Occupy! At CPAC
by Jo Freeman
Occupy! was a pervasive presence at the 39th annual Conservative Political Action Conference, held in Washington, D.C. on February 9-11.
In his kick-off speech on Thursday, Al Cardenas, chairman of the American Conservative Union which sponsors CPAC, gave the movement five paragraphs. [see sidebar]
Seven minutes into Sarah Palin’s closing speech on Saturday she was interrupted by a dozen Occupiers yelling "mic check." They were escorted from the ballroom while the audience yelled "USA, USA, USA" — a standard response at Republican rallies to drown out verbal disruptions. Once off the hotel grounds they read the statement they had not been able to read inside.
In between there were three demonstrations outside the conference hotel, zap actions inside, repeated referrals to Occupy by conference speakers, and a couple of panels inspired by five months of occupations all over the country.
Thursday morning, Vinnie Vernuccio of the Competitive Enterprise Institute told a hundred people who had come to hear about "The Return of Big Labor" that "Occupy is targeting this panel because they are afraid of you." He made a reference to what was going on outside, as he attacked unions for spending dues on politics rather than representation. That day, nothing was going on outside. The unions were marching on Friday and OccupyDC was marching on Saturday.
Two hours later Citizens United Productions hosted a "Blogger Briefing" on its upcoming films.

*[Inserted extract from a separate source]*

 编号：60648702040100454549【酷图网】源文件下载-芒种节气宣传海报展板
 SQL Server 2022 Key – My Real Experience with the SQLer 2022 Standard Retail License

The only one promoted in the two-hour "briefing" was Occupy Unmasked, which is still in production.
CUP is the documentary film production and marketing arm of Citizens United, which promotes conservative causes. CU sued the Federal Election Commission after the FEC deemed a 2007 film critical of Hillary Clinton to be an election communication which could not be publicly distributed within 30 days of the 2008 Democratic primaries.
When CU v. FEC was decided by Supreme Court a year ago, five Justices said there could be no limits on election expenditures by corporations and unions as long as they were made independently of candidates’ campaigns. This led to the formation of "superPACs" which have poured millions of dollars into the 2012 election. A different CPAC panel celebrated this decision.
The audience gawked as three men wearing Guy Fawkes masks and black capes marched up the aisle to the front of the room. They weren’t Occupiers but the producer, director, and one narrator of the film. The Guy Fawkes mask is worn in demonstrations by some Occupiers and has become symbolic of the movement.
Between two showings of the movie trailer, panelists described Occupy as "dangerous" and the movie as "scary." "This is a war movie" they said repeatedly. Occupy is portrayed as "Obama’s shock troops," whose job is to promote the idea that "income inequality" is bad.
What they didn’t say but was obvious from the trailer, is that Occupy Unmasked is a campaign film, as was the 2007 Hillary: The Movie. The movie makers juxtapose scenes of violent property destruction next to footage of President Obama and House Minority Leader Nancy Pelosi seeming to make positive statements about Occupiers. The trailer also manages a dig at Michael Moore and the "liberal media."